*EXERCISE GOAL*:
The data below is to be written out exactly, with no pictures.

*DATASET EXCERPT*:
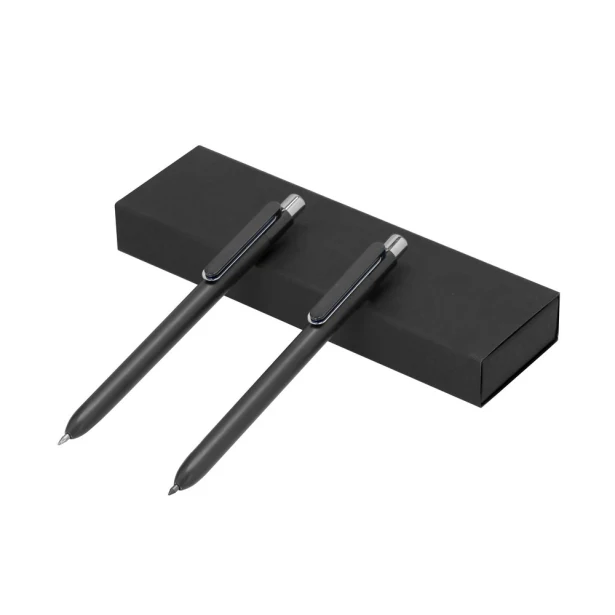 Czarny zestaw piśmienniczy RABS długopis i wieczny ołówek
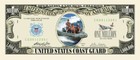 Pack Of 50 Coast Guard Uscg 1 Million Dollar Bills Collectible Novelty Money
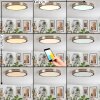 Finsrud Deckenpanel LED Nickel-Matt, 1-flammig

*OUTPUT*:
 Czarny zestaw piśmienniczy RABS długopis i wieczny ołówek
 Pack Of 50 Coast Guard Uscg 1 Million Dollar Bills Collectible Novelty Money
 Finsrud Deckenpanel LED Nickel-Matt, 1-flammig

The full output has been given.